> _GIVEN INFORMATION_:

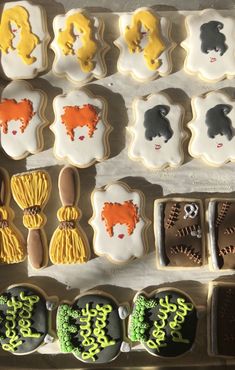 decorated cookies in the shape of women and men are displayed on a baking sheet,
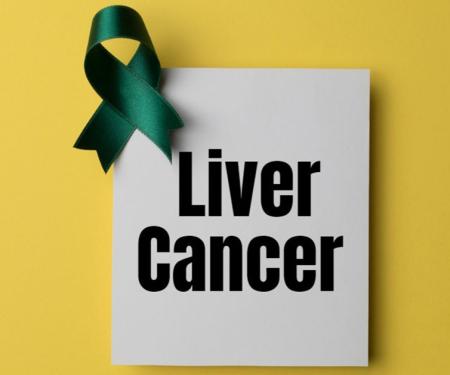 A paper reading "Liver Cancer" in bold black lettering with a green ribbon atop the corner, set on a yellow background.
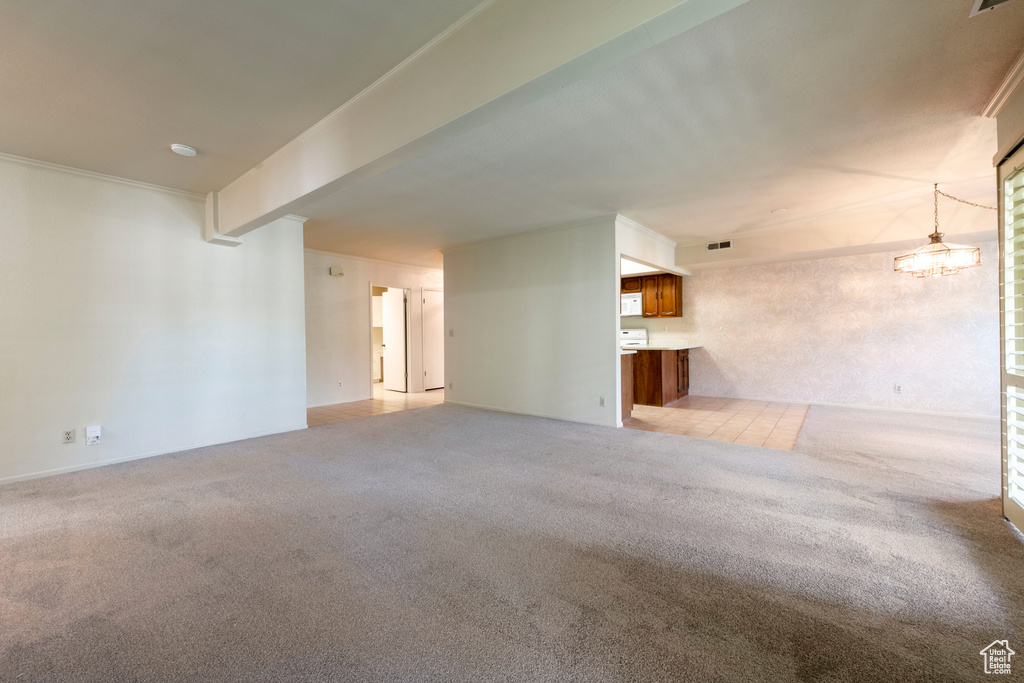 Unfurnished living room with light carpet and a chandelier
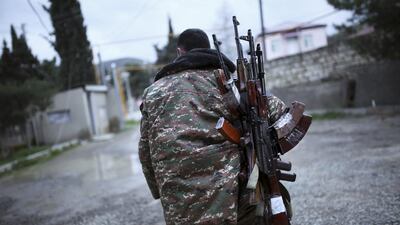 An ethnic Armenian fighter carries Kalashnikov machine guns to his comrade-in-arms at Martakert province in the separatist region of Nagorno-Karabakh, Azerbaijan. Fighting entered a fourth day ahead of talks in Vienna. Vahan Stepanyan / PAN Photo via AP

> _REQUIRED ACTION_: Omit the pictures and print the listing exactly.

> _OUTPUT FOR THIS TASK_:
 decorated cookies in the shape of women and men are displayed on a baking sheet,
 A paper reading "Liver Cancer" in bold black lettering with a green ribbon atop the corner, set on a yellow background.
 Unfurnished living room with light carpet and a chandelier
 An ethnic Armenian fighter carries Kalashnikov machine guns to his comrade-in-arms at Martakert province in the separatist region of Nagorno-Karabakh, Azerbaijan. Fighting entered a fourth day ahead of talks in Vienna. Vahan Stepanyan / PAN Photo via AP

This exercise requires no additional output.